On Dec. 7, 2023, Georgia’s Republican-controlled Legislature passed a congressional redistricting plan, a move that was said to aid in the reproduction of the current 9-5 Republican majority in Georgia’s 14 congressional seats. The new district maps were ordered following a judge’s ruling, stating that the current division discriminates against Black voters in West Atlanta.

Of the many changes that the redistricting created, Rep. Lucy McBath’s (D-Ga.) district was split and shifted north, away from Atlanta and closer to Republican voters. In District 90, the two incumbent Democratic Reps. Saira Draper (D-Ga.) and Becky Evans (D-Ga.) will be forced to compete against each other in the upcoming primary elections. 

Draper currently represents district 90, but through the redistricting, Evans, who currently represents District 89, were drawn into Draper’s district.

“The Republicans did this to us — neither of us asked to be in this situation,” Draper said. “They drew her into my district. They wanted to make it difficult for us.”

Draper also added that she has “nothing but respect” for Evans, despite noting that she wants to remain in her seat.

Evans echoed this sentiment of respect, adding that it is the hardest thing she has ever done politically. Draper and Evans, who found out about the redistricting while they were together in the same meeting, came together and worked hard to circumvent the decision. Unfortunately, they were unsuccessful.

“She and I had coffee together before December, and of course, she didn’t want me to run and I didn’t want her to run,” Evans said. “But, what we agreed on is that we will run on our strengths and we will let the voters decide. And on May 22nd, one of us will be the other state representative.”

Draper’s platform: voting rights, underserved communities, immigration, and gun safety

As a voting rights and elections expert with a background in corporate and civil rights law, Draper has been deeply invested in voting rights and elections in the past for years. For one, she ran the Voter Protection Program for the Democratic Party of Georgia from 2019-2022, leading voting rights efforts for both President Joe Biden and Senators Rafael Warnock and Jon Ossoff.

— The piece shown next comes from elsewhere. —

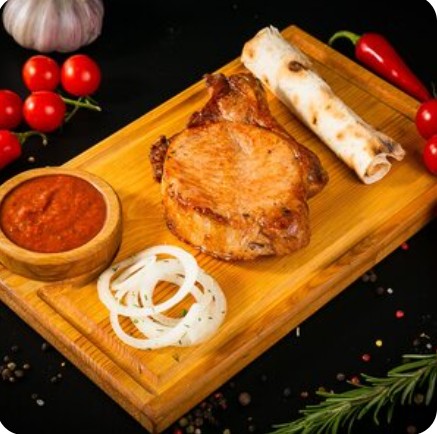 Шашлык из свиной корейки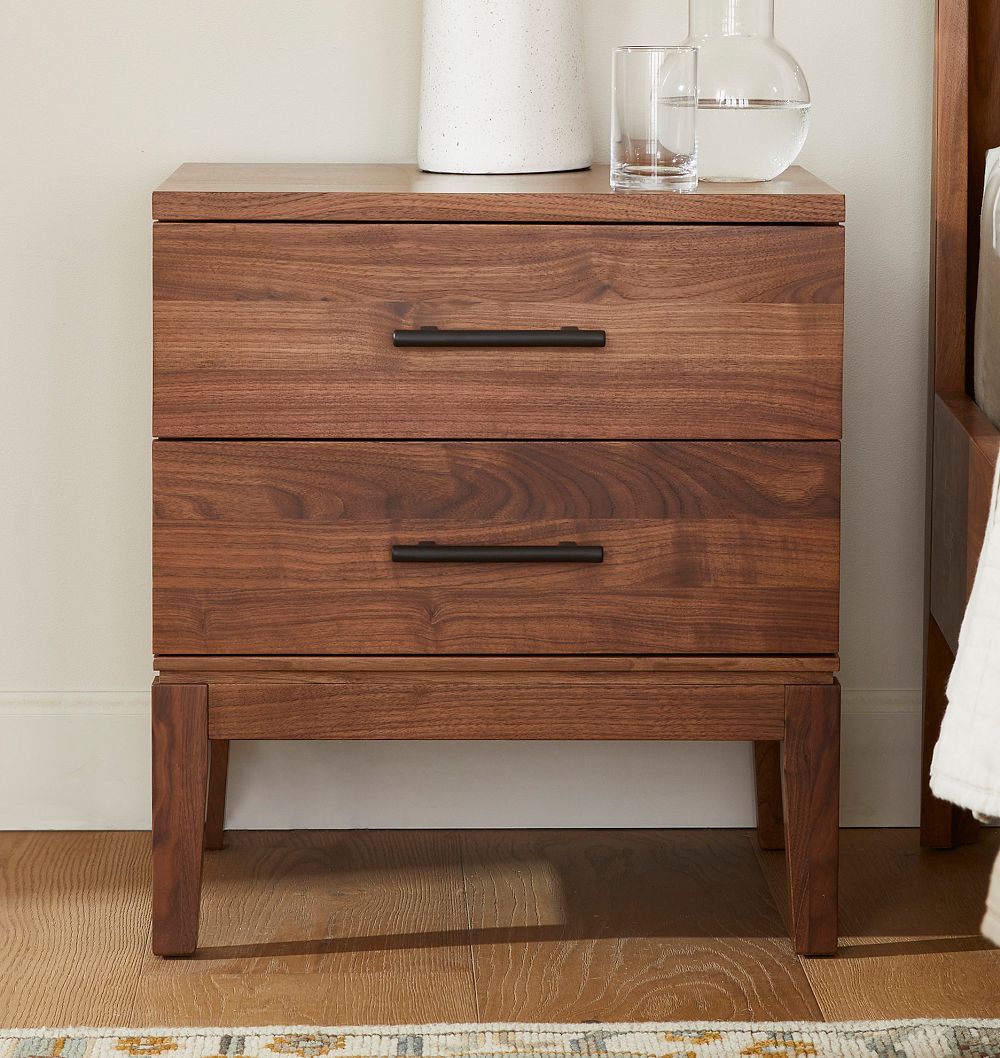 Hosford Walnut 2-Drawer Nightstand by Rejuvenation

The program recruited a total of 15,000 volunteers total.

Draper was also the director of a program that ran a voter protection hotline that had received over 130,000 calls during the election and supported eight different languages. 

“We feel like we were pretty critical to that election,” Draper said. “But lots of different programs were involved there, and being on the front lines of that election’s work has given me experience and a perspective that is sorely needed in the legislature.”

Draper added that she feels the need to remain in her state representative seat because there is no one in the legislature who has the unique background and perspectives that she has accrued over the years.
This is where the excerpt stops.